A dynamic disgust coupled with disdain (a more stable emotion) are the twin roots of revolt. To be revolted at something, a system, needs refreshing, because it is rather vehement term (not necessarily passionate-I am revolted by chunky vomit but I am not passionate about this revolt). This refreshing comes from the dynamism of a particular system, education for example, and the effects that come from this systemic causation. I am revolted by nearly everything that comes out of it. I have dynamic disgust whenever something ‘new’ comes from it. That this system is arisen from a causation that causes me a great deal of disdain for it is the more stable emotion that remains. Disdain.

This disdain has lead me to the thought that this system is no longer tenable in any moral or humane way. It cannot be ‘reformed’ in how this is normally defined. Reformation from a subversive (working within a systems construct to be an opposition force within the system) standpoint is not useful in this way because the rot is entire, it needs to come down. When revolt leads us down this path to this realization it leaves us with the answer of Revolution.

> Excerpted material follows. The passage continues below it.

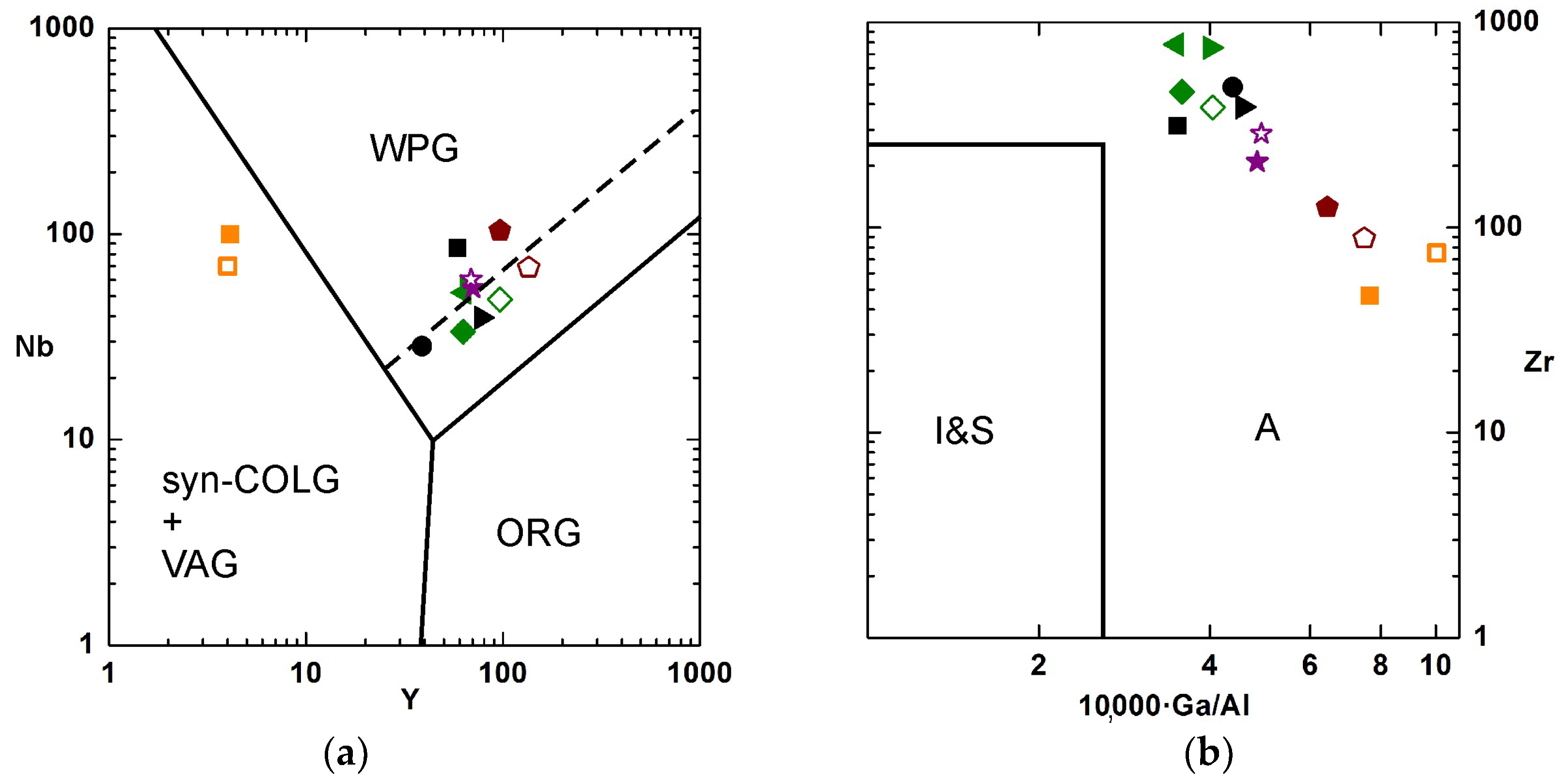 Minerals 13 00527 g011 Minerals 13 00527 g011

It is interesting, to me, that this both means the revolt of someone, somethings, against a dominant whatever as well as to go around, to revolve. Because something revolves does not, inherently, mean that one arrives at the same spot in a larger scope. It is all perspective and reference points. For example, a car tire revolves when it drives but the car, if it is the point of reference, is not in the same place as it was previously when the wheel made one full revolution.

We live in an era of almost immediate change, at least in the West. But we are a creature of a different time with the capacity to give the impression of changing-but we are not happy within this change. There is a difference between falling within the spectrum of change that allows for a positive growth of an individual and the act of survival that is outside of that spectrum. Because both individuals have similar biological features; the breath, they eat, they work, does not mean these individuals are the same.

We must revolt. In our small and large ways. In our disdain for what is even called ‘ideal’ within this system we must. It does not have to be this way.